*** RECORDED DATA Section Begins ***

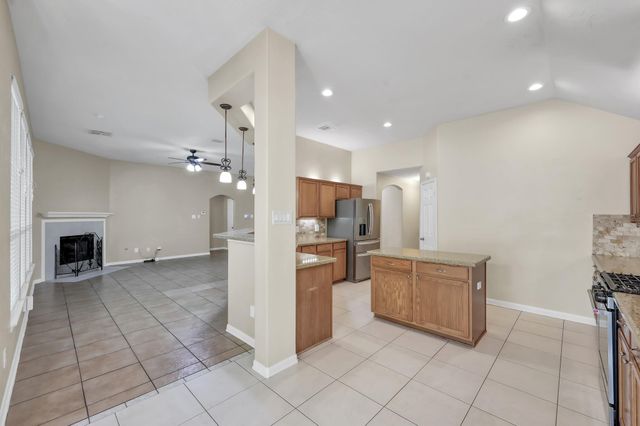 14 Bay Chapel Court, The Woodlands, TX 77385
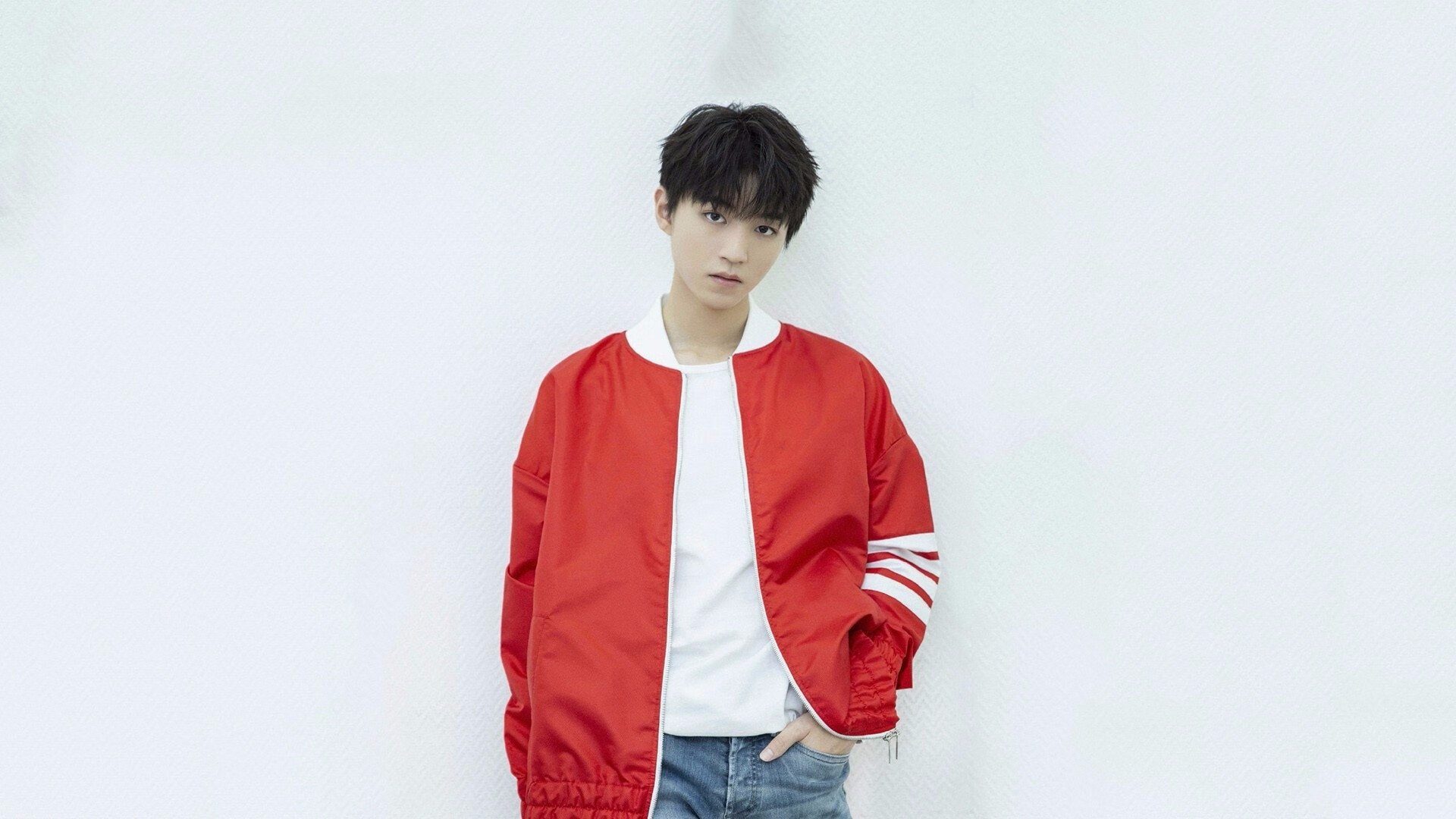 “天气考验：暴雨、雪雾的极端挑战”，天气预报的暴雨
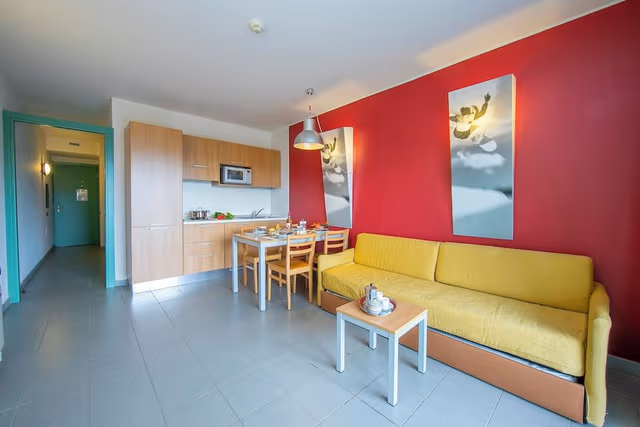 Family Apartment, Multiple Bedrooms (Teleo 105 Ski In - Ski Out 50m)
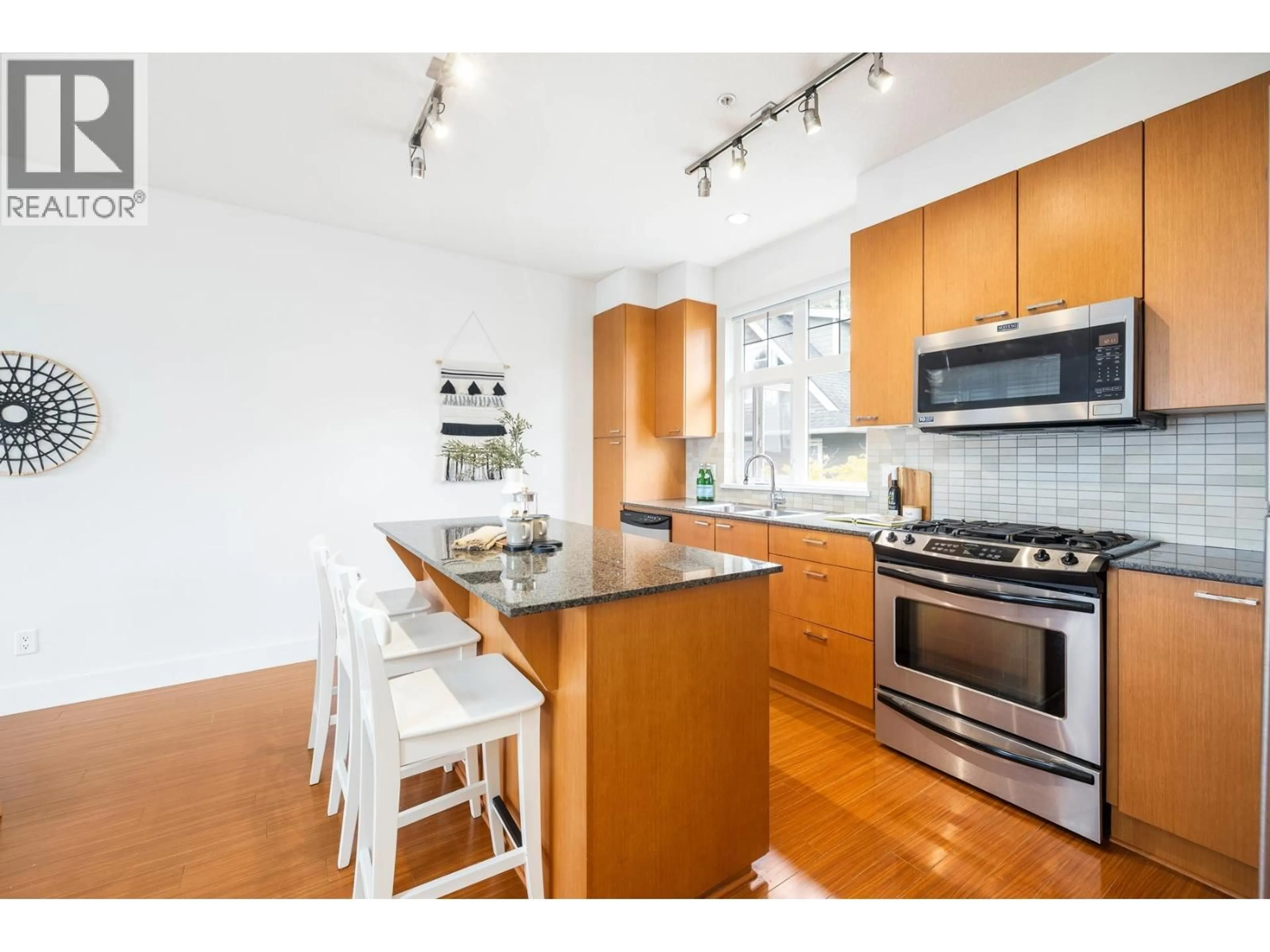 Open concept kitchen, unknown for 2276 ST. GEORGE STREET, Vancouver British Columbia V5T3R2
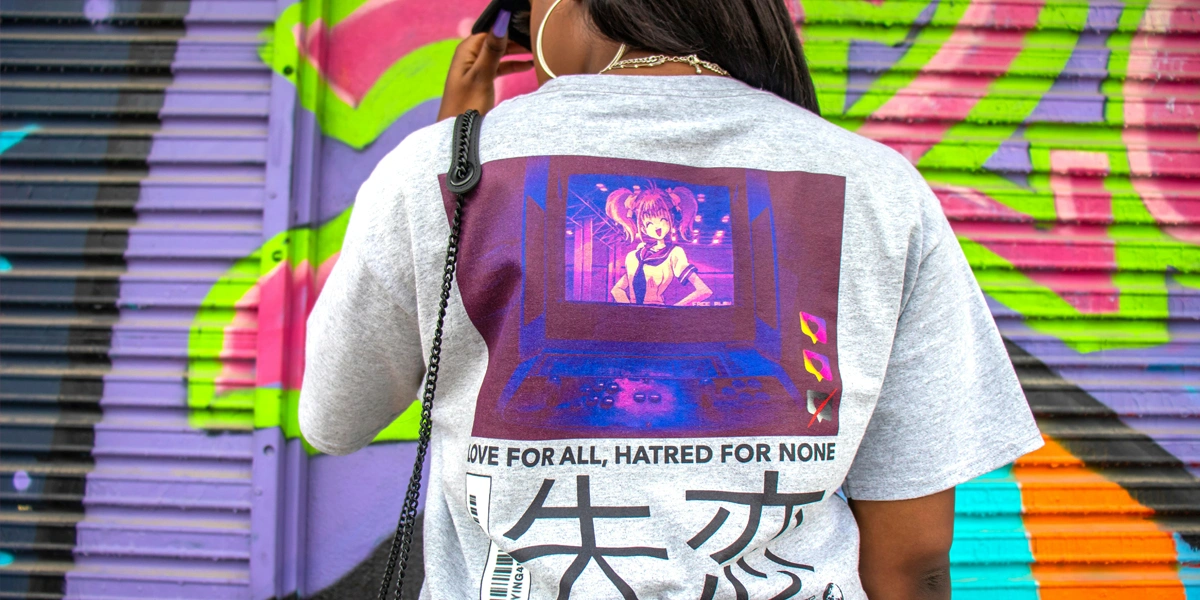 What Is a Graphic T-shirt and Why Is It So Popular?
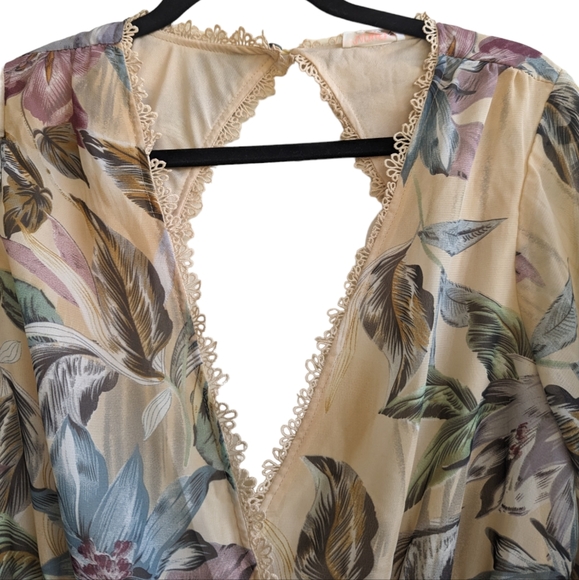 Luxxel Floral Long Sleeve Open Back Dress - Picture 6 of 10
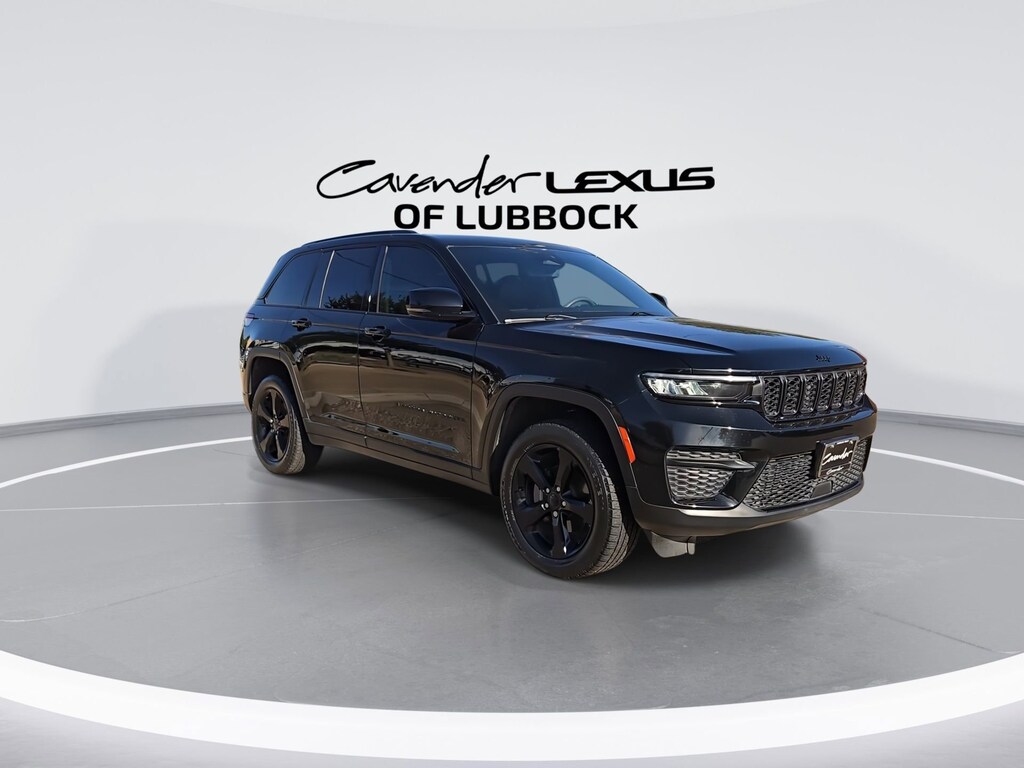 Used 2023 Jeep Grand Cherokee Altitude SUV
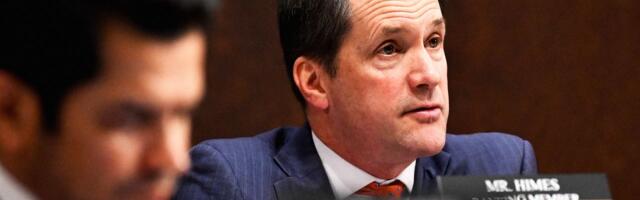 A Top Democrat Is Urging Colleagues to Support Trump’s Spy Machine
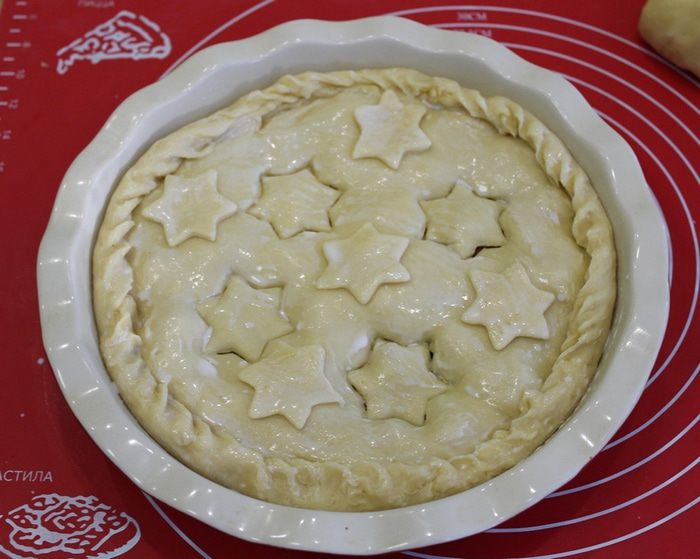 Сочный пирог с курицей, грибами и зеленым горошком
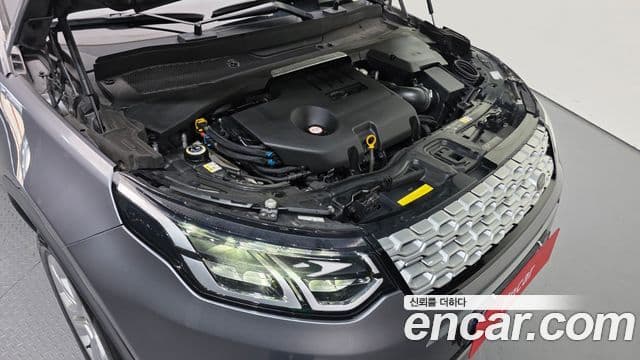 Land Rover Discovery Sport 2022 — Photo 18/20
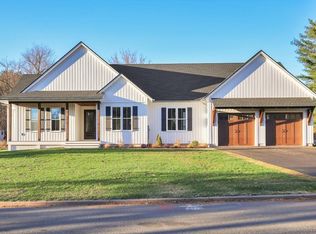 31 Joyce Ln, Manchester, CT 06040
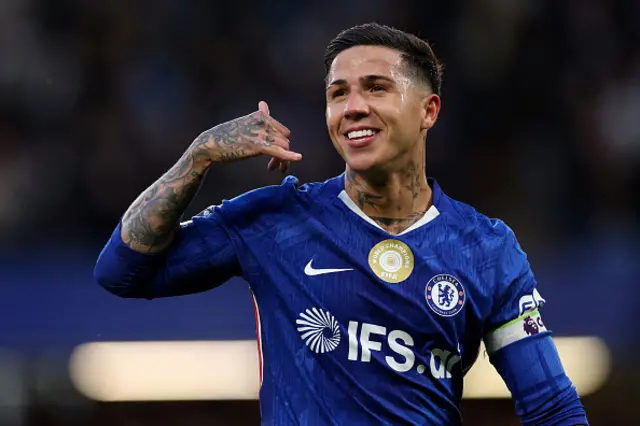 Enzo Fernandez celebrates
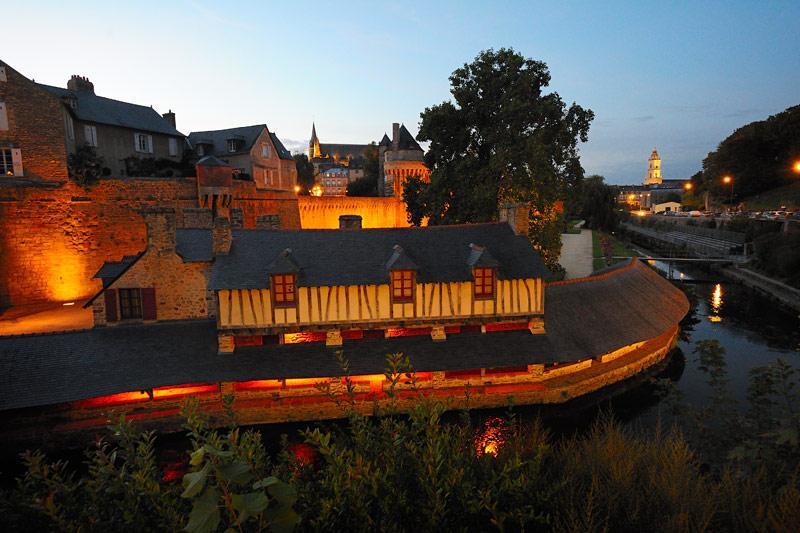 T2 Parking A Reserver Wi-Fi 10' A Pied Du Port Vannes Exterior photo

*** RECORDED DATA Section Ends ***

*PROBLEM TO SOLVE*
A word-for-word copy of the lines from the one with "Luxxel Floral Long" through the last line of the data above is required, with both end lines included and no pictures.

*TASK ANSWER*
 Luxxel Floral Long Sleeve Open Back Dress - Picture 6 of 10
 Used 2023 Jeep Grand Cherokee Altitude SUV
 A Top Democrat Is Urging Colleagues to Support Trump’s Spy Machine
 Сочный пирог с курицей, грибами и зеленым горошком
 Land Rover Discovery Sport 2022 — Photo 18/20
 31 Joyce Ln, Manchester, CT 06040
 Enzo Fernandez celebrates
 T2 Parking A Reserver Wi-Fi 10' A Pied Du Port Vannes Exterior photo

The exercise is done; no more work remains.